## PROBLEM STATEMENT
Set down each line of the material that follows exactly, and leave its pictures out.

## COLLECTED DATA
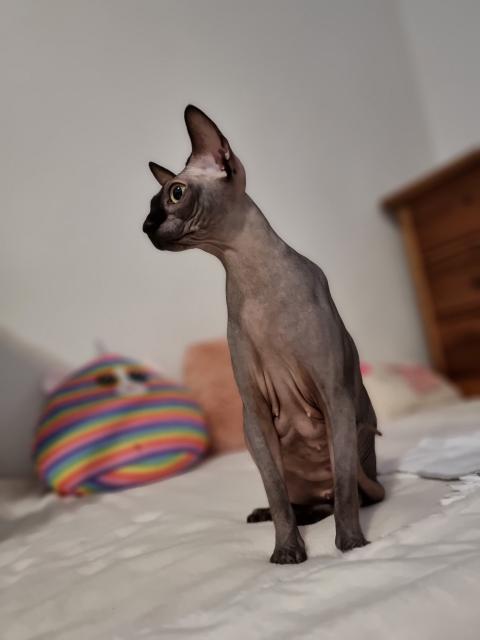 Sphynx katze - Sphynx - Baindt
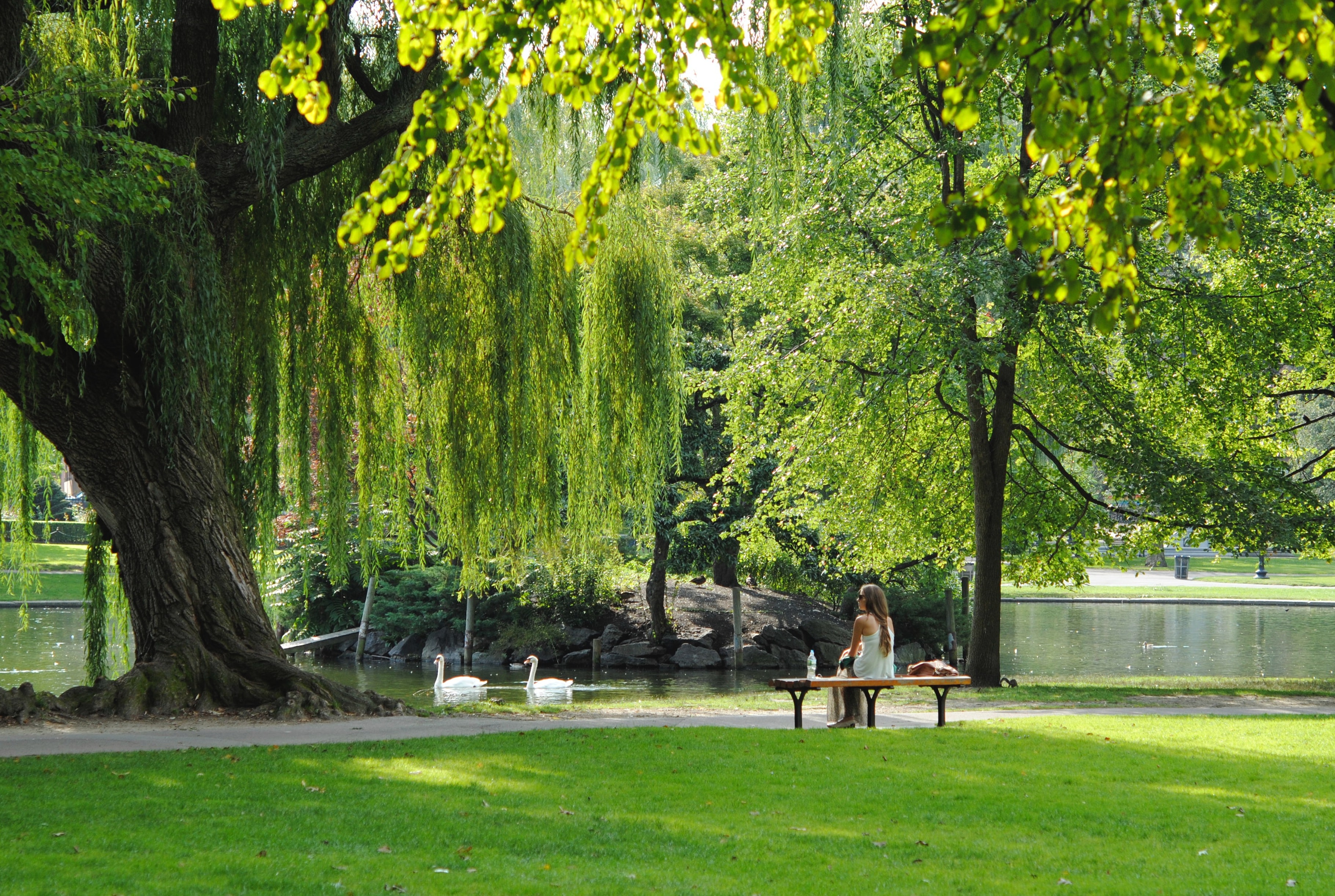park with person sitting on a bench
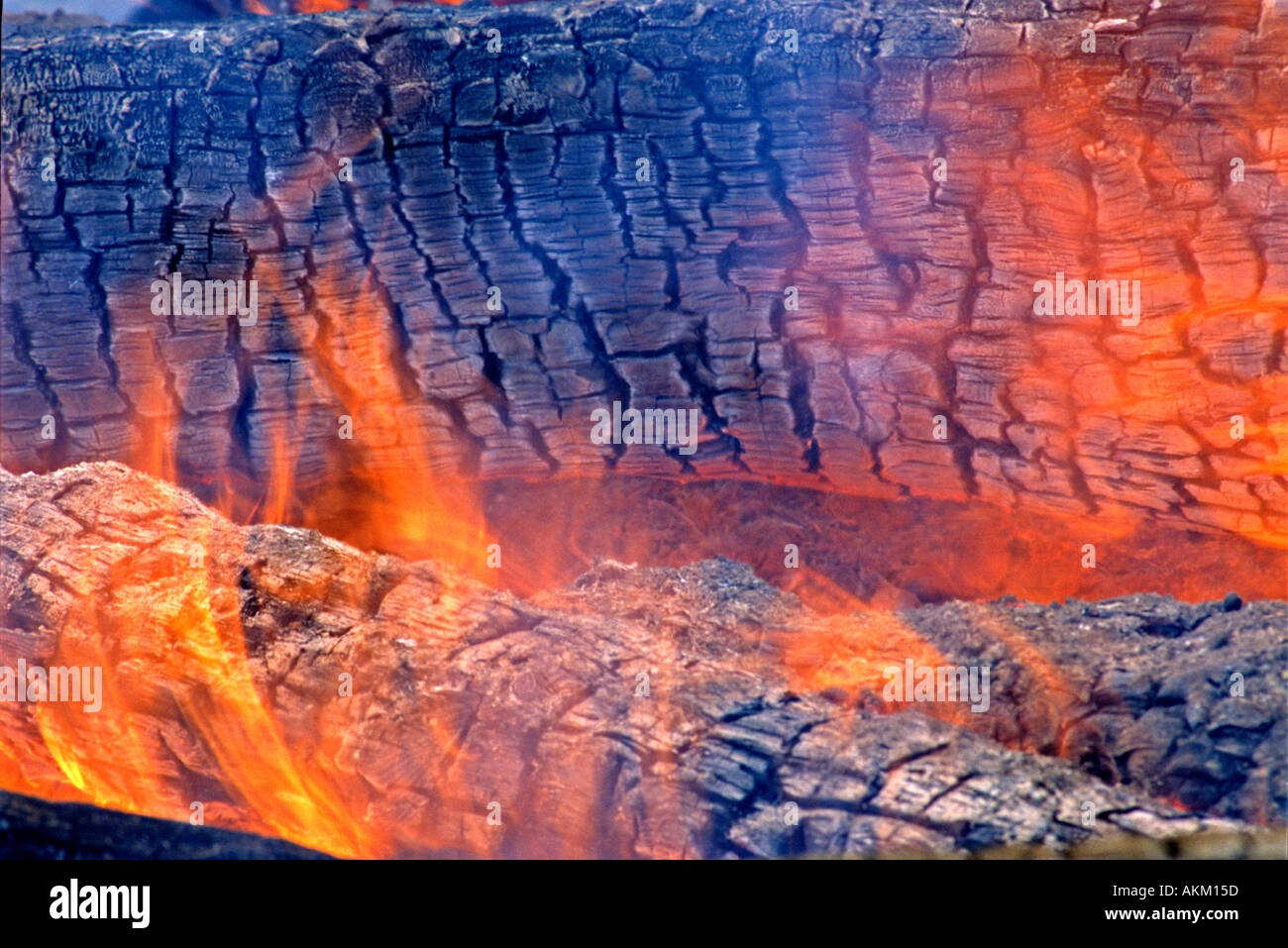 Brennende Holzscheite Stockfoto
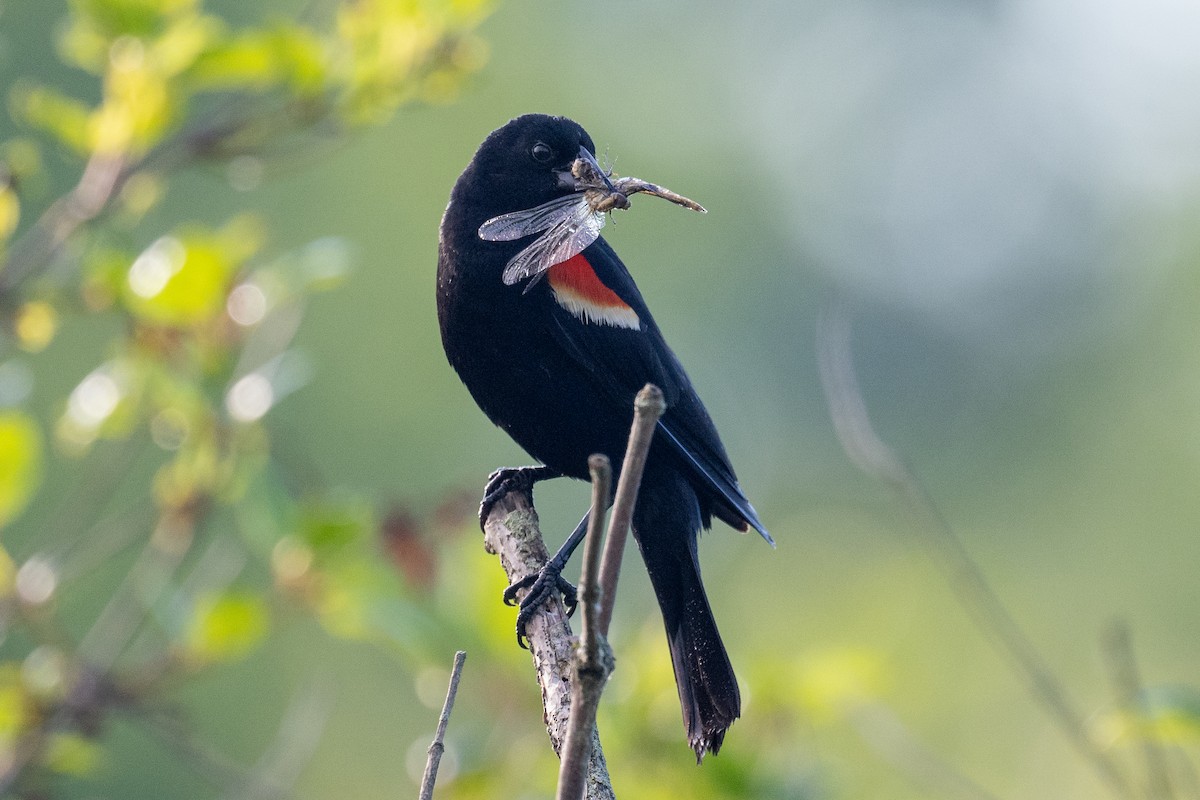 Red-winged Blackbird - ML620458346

## RESULT FOR THIS EXERCISE
 Sphynx katze - Sphynx - Baindt
park with person sitting on a bench
 Brennende Holzscheite Stockfoto
 Red-winged Blackbird - ML620458346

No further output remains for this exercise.